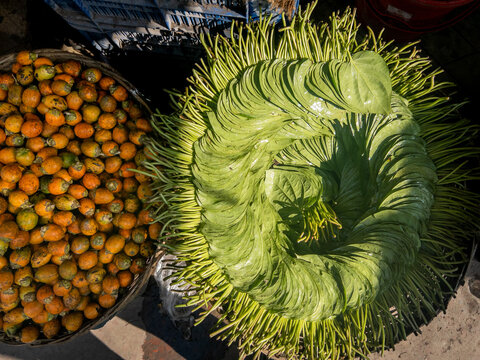 Abundant Display of Betel Leaves (Paan) and Areca Nuts (Supari) at a Local Market Stall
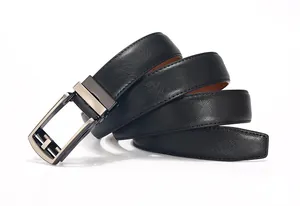 Detail of premium black leather belt with gunmetal brushed buckle and Saffiano texture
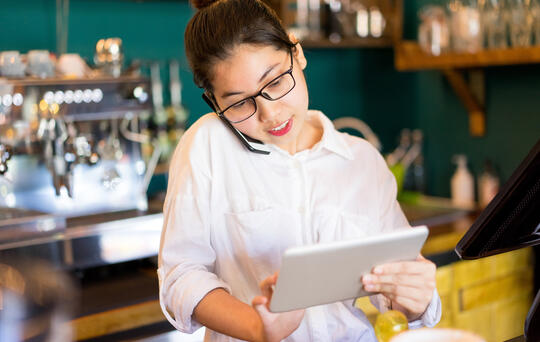 waitress looking at tablet - increase restaurant bookings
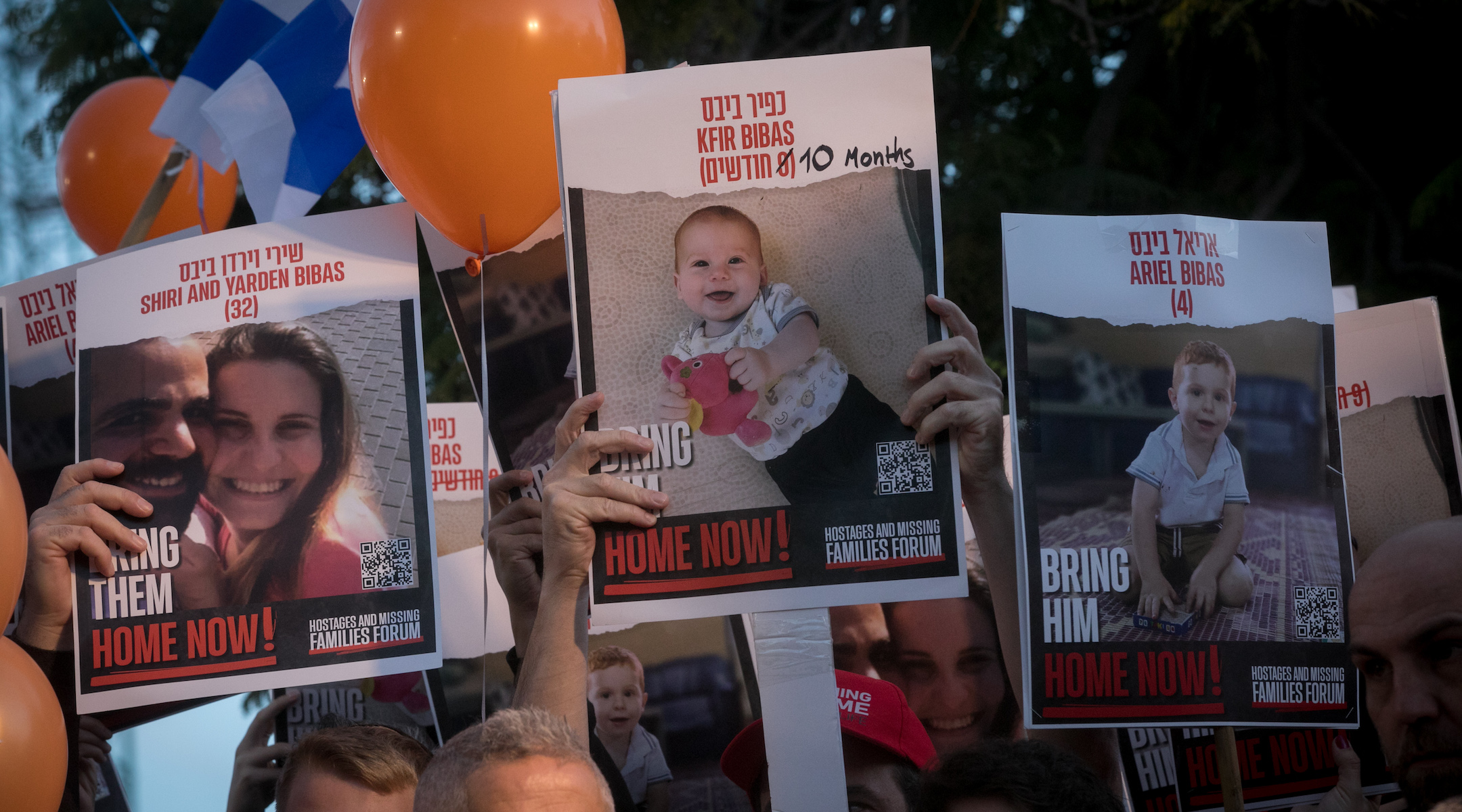 Israelis hold photographs of Shiri, Kfir and Ariel Bibas at a gathering calling for their release at Hostage Square in Tel Aviv, on November 28, 2023. (Miriam Alster/Flash90)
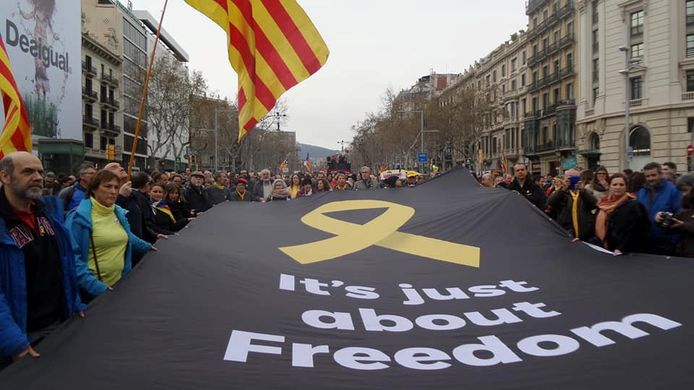 Pro-onafhankelijkheidsbetogers dragen een spandoek met de tekst: 'Het gaat om onze vrijheid' door de straten van Barcelona tijdens hun protest tegen de arrestatie van hun vroegere regiopremier Puigdemont in Duitsland.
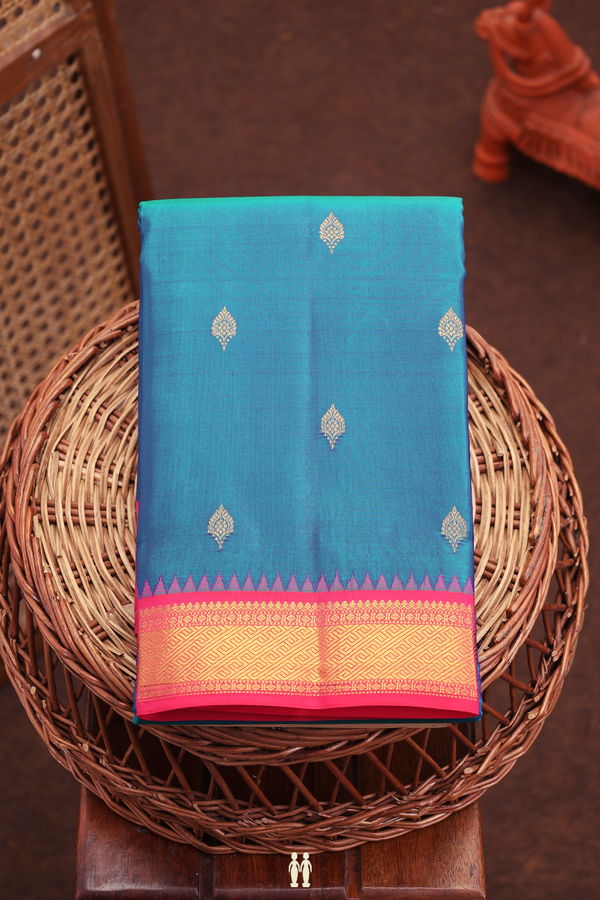 Kanchipuram Silk Saree In Teal Blue With Zari Buttas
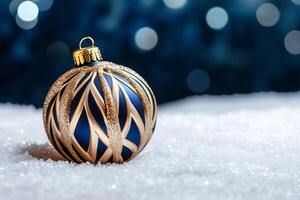 Elegant blue and gold christmas ornament resting on sparkling snow with festive bokeh background photo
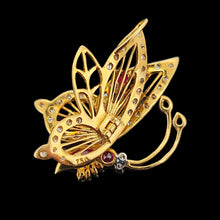 Load image into Gallery viewer, A yellow gold butterfly pendant with diamonds, rubies, a sapphire and an emerald
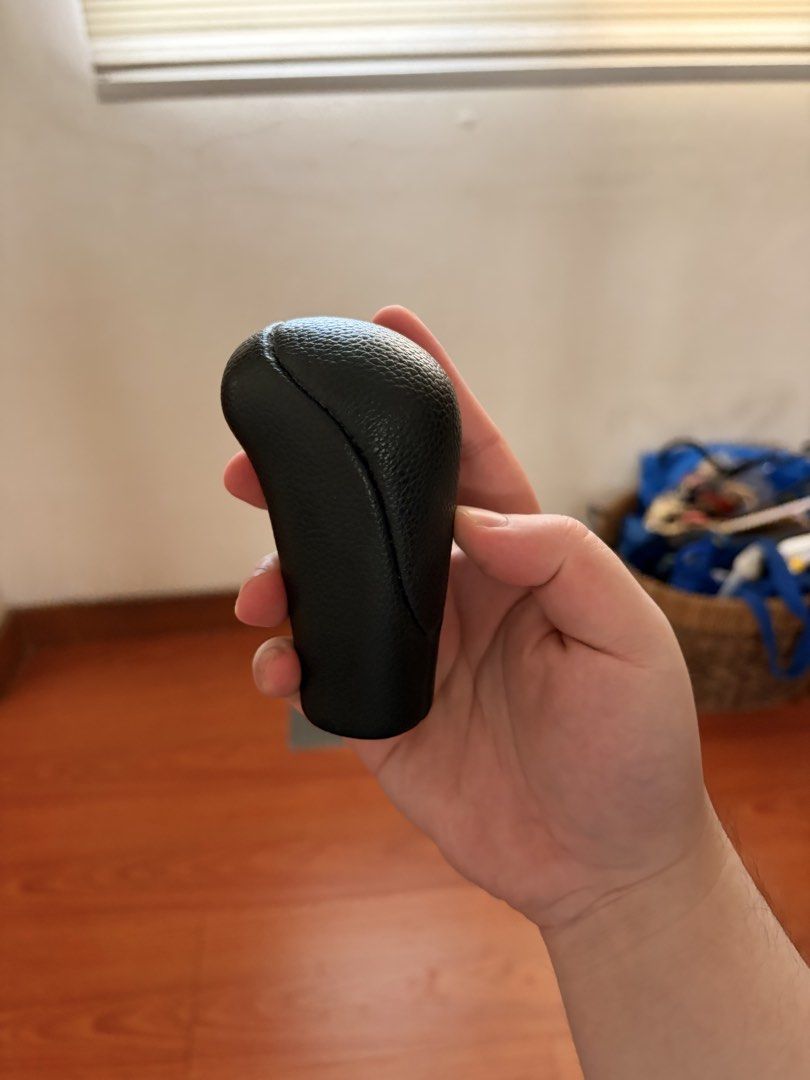 Black Leather Manual Gear Shift Knob (Category: Steering, Brakes, Control Parts and Accessories) located in Binan City. Submitted by spec.a (Listing ID 1465817797, Image 1). Description: - Genuine black leather-wrapped automatic gear shift knob - Stylish textured pebble grain finish with clean side stitching - Standard threaded bottom opening for easy and secure installation - Solid, ergonomic grip for a more comfortable driving experience - Flaw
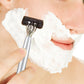 Manual razor with multi-stain blades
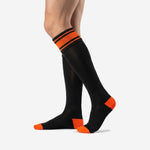 Custom orange and black soccer socks three-quarter angle showing orange toe panel and full calf length fit on adult male model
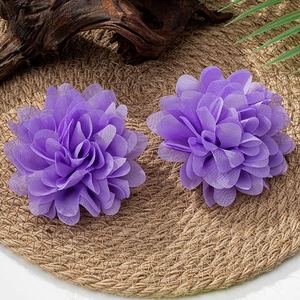 Makroaufnahme lila Chiffon-Blumenohrringe auf Webmatte mit natürlicher Dekoration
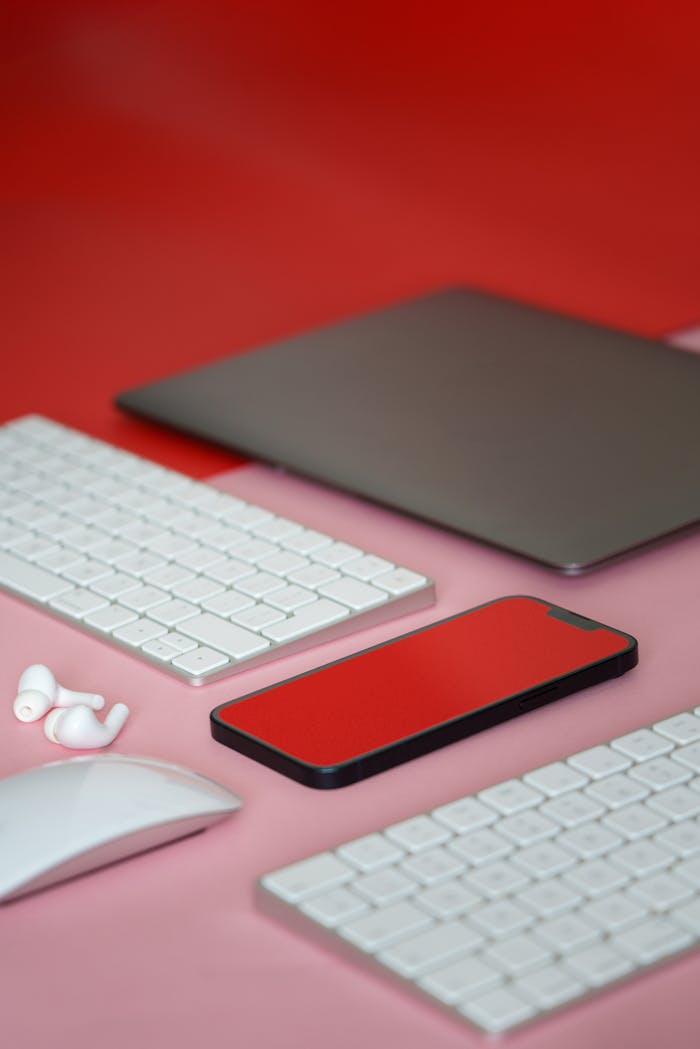services-04 Stylish flat lay of modern gadgets including a smartphone, keyboard, and mouse on a red background.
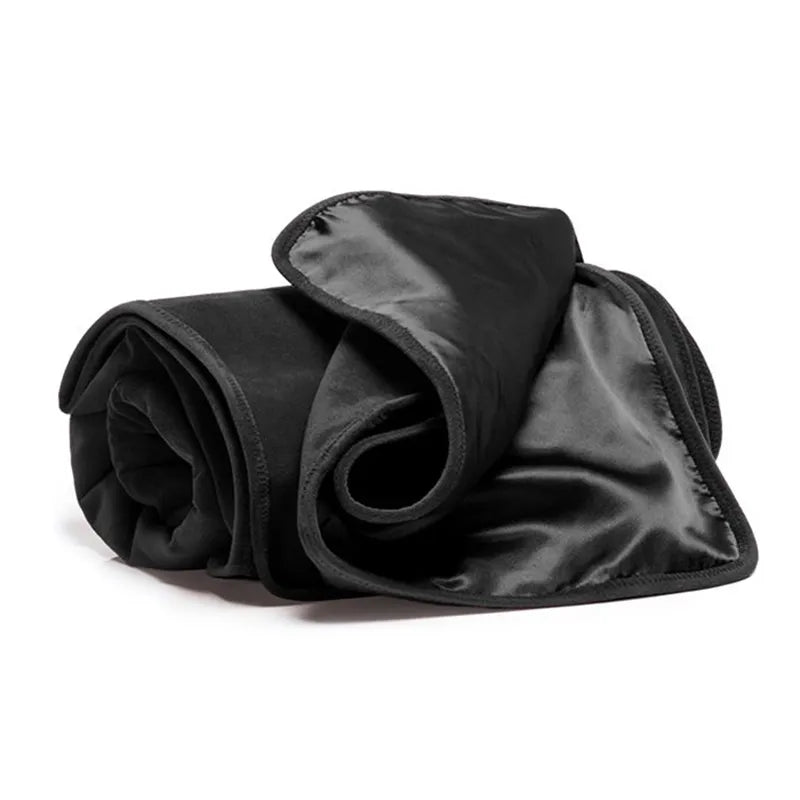 Folded black blanket on a white background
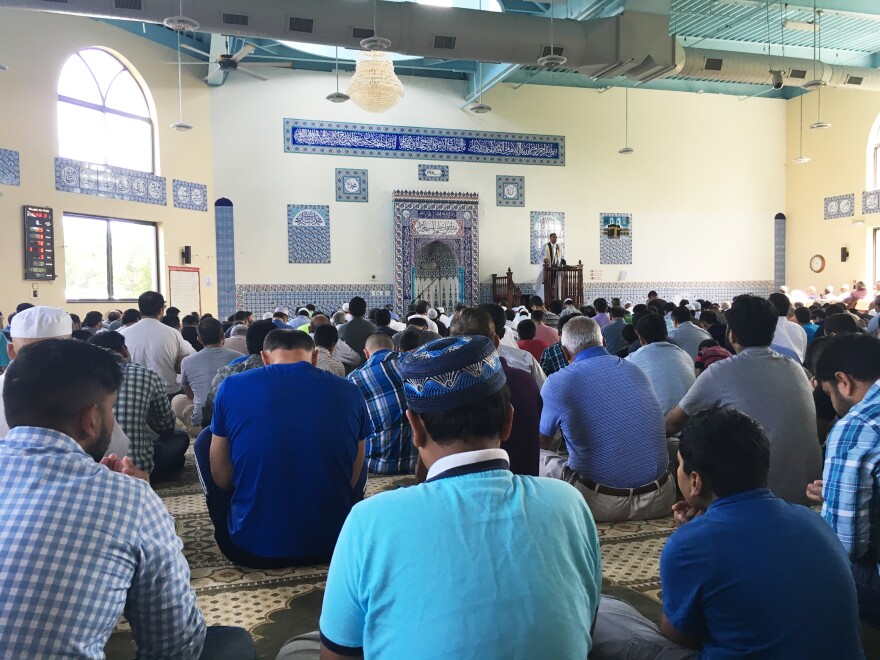 Men attend Friday prayers at a mosque in Edison, N.J.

★ ★ ★

• **Aim of the exercise**: Set down every entry above verbatim, without pictures.

• **Completed exercise**:
 Abundant Display of Betel Leaves (Paan) and Areca Nuts (Supari) at a Local Market Stall
 Detail of premium black leather belt with gunmetal brushed buckle and Saffiano texture
 waitress looking at tablet - increase restaurant bookings
 Israelis hold photographs of Shiri, Kfir and Ariel Bibas at a gathering calling for their release at Hostage Square in Tel Aviv, on November 28, 2023. (Miriam Alster/Flash90)
 Pro-onafhankelijkheidsbetogers dragen een spandoek met de tekst: 'Het gaat om onze vrijheid' door de straten van Barcelona tijdens hun protest tegen de arrestatie van hun vroegere regiopremier Puigdemont in Duitsland.
 Kanchipuram Silk Saree In Teal Blue With Zari Buttas
 Elegant blue and gold christmas ornament resting on sparkling snow with festive bokeh background photo
 Load image into Gallery viewer, A yellow gold butterfly pendant with diamonds, rubies, a sapphire and an emerald
 Black Leather Manual Gear Shift Knob (Category: Steering, Brakes, Control Parts and Accessories) located in Binan City. Submitted by spec.a (Listing ID 1465817797, Image 1). Description: - Genuine black leather-wrapped automatic gear shift knob - Stylish textured pebble grain finish with clean side stitching - Standard threaded bottom opening for easy and secure installation - Solid, ergonomic grip for a more comfortable driving experience - Flaw
 Manual razor with multi-stain blades
 Custom orange and black soccer socks three-quarter angle showing orange toe panel and full calf length fit on adult male model
 Makroaufnahme lila Chiffon-Blumenohrringe auf Webmatte mit natürlicher Dekoration
services-04 Stylish flat lay of modern gadgets including a smartphone, keyboard, and mouse on a red background.
 Folded black blanket on a white background
 Men attend Friday prayers at a mosque in Edison, N.J.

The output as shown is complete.